Given the emphasis currently placed upon the use of Opal Petrol by the Australian Senate,10 Mr Chivell’s 2005 observations regarding the use of Opal fuel are also pertinent:

32. While the development of ‘Opal Unleaded’ fuel is a welcome development, it should not be seen as a panacea for petrol sniffing. Action will be required to prevent the development of a black market in ‘sniffable’ petrol, and to develop adequate security measures to prevent theft of the new Avgas, which will be rendered ‘sniffable’ once it becomes unleaded.11

VI The Way Forward

As the Coroner highlighted in the 2002 and 2004–05 Inquests, much concerted and coordinated Government action is still required in order to successfully combat petrol sniffing. The issues canvassed by the Coroner in the Inquest findings represent important areas upon which future legislative reform should be focused. In particular, effective uniform sanctions between WA, NT and SA that prohibit trafficking in petrol for the purpose of inhalation are required.

In the tri-state region, effective law reform can be expected to have significant impact on the operations of the Central Australian Aboriginal Legal Aid Service, the Aboriginal Legal Rights Movement and the Western Australian Aboriginal Legal Service in relation to mental health. Magistrates’ tri-state jurisdiction, general matters of criminal law and vexed questions of police powers in the region that encompasses the APY Lands, the Ngaanyatjarra Lands in WA and the Pitjantjatjara communities in the NT should also be the subject of future legislative change in order to reduce petrol sniffing.

Upon this, the former South Australian Coroner has the final word.

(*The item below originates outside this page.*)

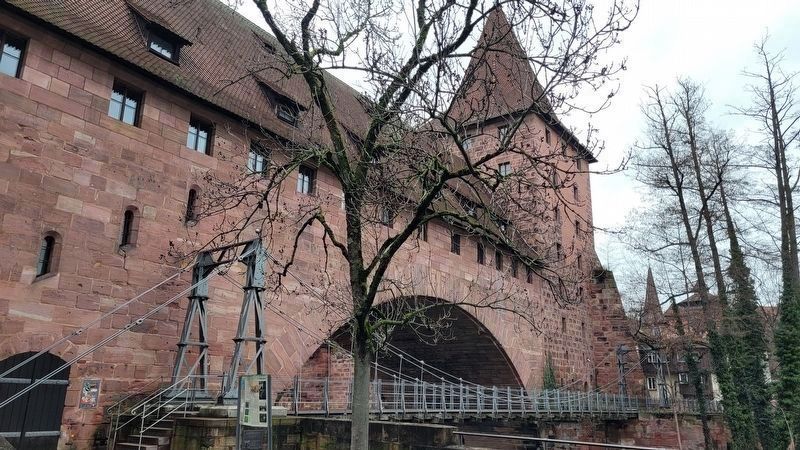 The marker in front of the chain bridge (Kettensteg) over the river. Click for full size. The marker in front of the chain bridge (Kettensteg) over the river image. Click for full size.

That such conditions should exist among a group of people defined by race in the 21st Century in a developed nation like Australia is a disgrace and should shame us all.12

Endnotes

* Christopher Charles is General Counsel for the Aboriginal Legal Rights Movement. He represented the families of the Deceased in the 2002 and in 2004–05 inquests, and recently edited The Effects of Petrol Sniffing: Seminar Papers Presented by the Aboriginal Issues Committee, Law Society of South Australia (2005).

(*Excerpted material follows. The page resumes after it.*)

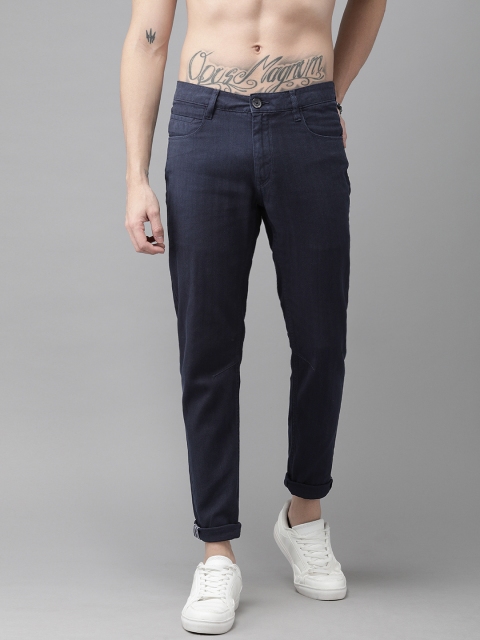 

Roadster Men Navy Blue Regular Fit Self Design Regular Trousers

1 Now sitting on the South Australian District Court.

2 Wayne Chivell, SA State Coroner, ‘Inquest into the deaths of Kunmanara Ken, Kunmanara Hunt and Kunmanara Thompson’, Number 11 of 2002, 6 September 2002. Available online at <http://www.courts.sa.gov.au/courts/coroner/index.html> at 30 January 2006.

3 The 2002 coronial findings include an extensive bibliography. See, for example, Peter d’Abbs and Sarah McLean, ‘Petrol Sniffing in Aboriginal Communities – A Review of Interventions’ (2000).

4 Above n 2, [18].

5 Above n 2, [13].

6 Ibid.

7 Ibid.

8 Wayne Chivell, SA State Coroner, ‘Inquest into the deaths of Kunmanara Ward, Kunmanara Ken, Kunmanara Ryan and Kunmanara Cooper’, Number 17, 18, 19 and 20 of 2004, 14 March 2005. Available online at <http://www.courts.sa.gov.au/courts/coroner/> at 30 January 2006.

9 Above n 2.

10 Community Affairs Reference Committee, Commonwealth Senate, Inquiry into Petrol Sniffing in Remote Aboriginal Communities (2005). The Terms of Reference deal specifically with Opal Petrol and its use in Central Australia.

11 Above n 8.

12 Above n 2, [9] and above n 8, [30].

Excerpts of the 2004–05 findings made by Coroner Wayne Chivell are extracted in this edition at p 80.